I bought some Kreg locking casters and was very pleased with them. They are quite heavy duty too and can take a much higher load, though you may not need it. I made a custom stand for a 15" heavy duty planer that probably weighs 400 or 500 lbs. I was pleased that they came with nice flange nuts to mount them and as I recall they locked firmly in position without play-but I don't have my table where I am at til October to double check. I think they were around 52.00 for the set. I know Rockler sells them, and I think they were on Amazon too, I believe Grizzly has, so shop around if interested to get the best price with shipping. I bought another set for a router table I have yet to make and figure if I ever need some heavy casters I can steal those and replace with some of the lighter duty ones mentioned here, but for the difference if it's close to what it cost when I bought them, I would go with the kregs for that table too. Highest quality, and they have a 1/2 " threaded mounting and it comes with the nuts so nothing more to hunt down. First class.

So consider those in your quest too.


----------



## plunger (Jun 21, 2013)

BIGROMO said:


> I bought some Kreg locking casters and was very pleased with them. They are quite heavy duty too and can take a much higher load, though you may not need it. I made a custom stand for a 15" heavy duty planer that probably weighs 400 or 500 lbs. I was pleased that they came with nice flange nuts to mount them and as I recall they locked firmly in position without play-but I don't have my table where I am at til October to double check. I think they were around 52.00 for the set. I know Rockler sells them, and I think they were on Amazon too, I believe Grizzly has, so shop around if interested to get the best price with shipping. I bought another set for a router table I have yet to make and figure if I ever need some heavy casters I can steal those and replace with some of the lighter duty ones mentioned here, but for the difference if it's close to what it cost when I bought them, I would go with the kregs for that table too. Highest quality, and they have a 1/2 " threaded mounting and it comes with the nuts so nothing more to hunt down. First class.
> 
> So consider those in your quest too.



I had considered the Kreg casters, but wasn't sure how to attach them using the bolts. My cabinets have plywood bases.

Also, from pictures of the Kreg casters it looks like the actual lock is about as high as the top of the mounting flange. Would it hit a plywood base as it spins around? I'm wondering if there's enough clearance to spin around when unlocked. For leg-based installations there's no clearance issues.


----------



## MAFoElffen (Jun 8, 2012)

Like I was hinting at, what most people think about when you think about a mobile kit for equipment is casters that come down when you need to move and riase up so that the equipment sits on it's own feet when you are through using it.
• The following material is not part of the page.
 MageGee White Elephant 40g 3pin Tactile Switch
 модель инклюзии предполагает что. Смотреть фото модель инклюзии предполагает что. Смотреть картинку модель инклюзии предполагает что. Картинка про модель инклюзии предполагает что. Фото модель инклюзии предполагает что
This was type of casters was discussed here about a year ago:








Workbench Caster Kit 4 Pack - Bench Castor Wheels - Amazon.com








http://www.amazon.com/WoodRiver-141...se_s_cp_3?ie=UTF8&refRID=03KNYHKM6TRAD52ABQ4E
(Various versions of these that work the same, as Rockler, Wood River and Woodtek...)

What I've learned since then is that for Information Technology (computer server racks), there's another, more elegant, easier to use version of this that is about the same price... and is a lot higher capacity (2200 lb capacity).








https://www.cdw.com/shop/products/T...lling-Caster-Kit-2200lb-Capacity/1619482.aspx


----------



## john60 (Aug 30, 2014)

I have used the 3 inch harbor Freight casters with wheel lock only. For my planer stand I used two fixed and two locking. Locking on infeed end. With both locked I have not had an issue

For my radial arm saw I have four wheel lock swivels. When I lock the two front one I have not had any issue


----------